Legion, a new series coming FX, centers around a character struggling with mental illness — and his own mutant powers. In the comics David Haller, played in the new series by Downton Abbey’s Dan Stevens, is the son of Professor Charles Xavier and shares his father’s telepathic abilities.

In the television series, Haller will think the voices in his head are a symptom of mental illness, likely because in this universe (which is not the same as the universe of the X-Men films, but a parallel one) the public doesn’t know mutants exist.

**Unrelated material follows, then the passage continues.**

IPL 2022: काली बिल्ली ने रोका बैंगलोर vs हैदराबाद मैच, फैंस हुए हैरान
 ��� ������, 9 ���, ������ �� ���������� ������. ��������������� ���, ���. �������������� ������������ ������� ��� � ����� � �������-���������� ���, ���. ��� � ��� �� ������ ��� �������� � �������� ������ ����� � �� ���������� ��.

In fact, the U.S. government is only just becoming aware of them — so it’s natural for Heller not to realize he has superhuman powers.

(5) FINNCON. GoH Catherynne M. Valente at Finncon 2016. The committee says they drew 4000 visitors this weekend.

(6) TODAY IN HISTORY

  • July 3, 1985 — George Romero’s Day of the Dead is seen for the first time.
  • July 3, 1985 Back to the Future released, features 1981 DeLorean DMC-12

(7) UNIFORM CODE OF MILITARY JUSTICE. You can admire photos of Kevin Standlee in character as Col. Chinstrap, with his aide (Lt. Hayes) and orderly (Pvt. Bear), in his Livejournal post about the second day of Westercon.

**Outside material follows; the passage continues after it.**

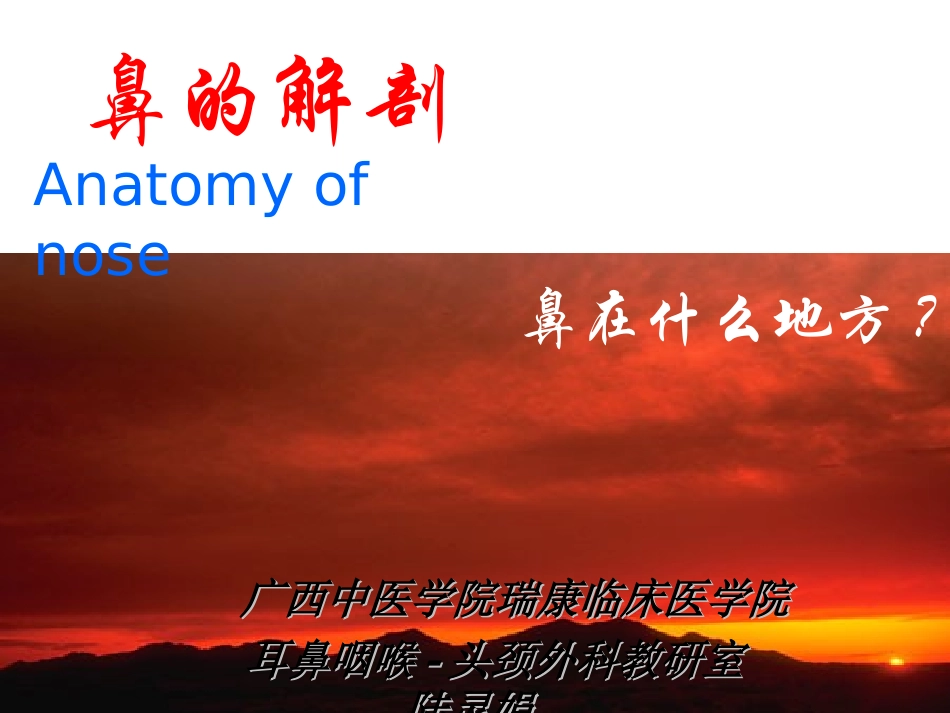 鼻部解剖优质课件_第2页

Here we are in full outfits. As we went by the SJ in 2018 bid table, a person (we don’t remember who and don’t want to remember) came over and insisted that the little bronze cannon on the Colonel’s pith helmet was a “representation of a weapon” and thus prohibited by the hotel weapon’s policy and that we would have to take the hat back to our room.

(8) ASCENT OF MAN. Lou Antonelli ponders his recent history as a user of social media in a “Causerie on reaching 3,000 Facebook Friends” at This Way To Texas.

First off, Facebook is a necessary evil. There are a myriad of social platforms today, the proliferation of which is leading America towards a collective nervous breakdown. People are too distracted and have the attention span – maybe – of a cocker spaniel. And as I have said before, we knew in the past men did not possess telepathy because if we knew what we were thinking about each other, we’d be at each other’s throats. Well, the internet has accomplished that anyway, and we are indeed at each other’s throats – figuratively. Only time will tell if we implode into a full scale shooting civil war, in which case the figurative will have become the literal.

It’s not my strategy to quote entire posts, so let me assure you of finding many other lively opinions therein.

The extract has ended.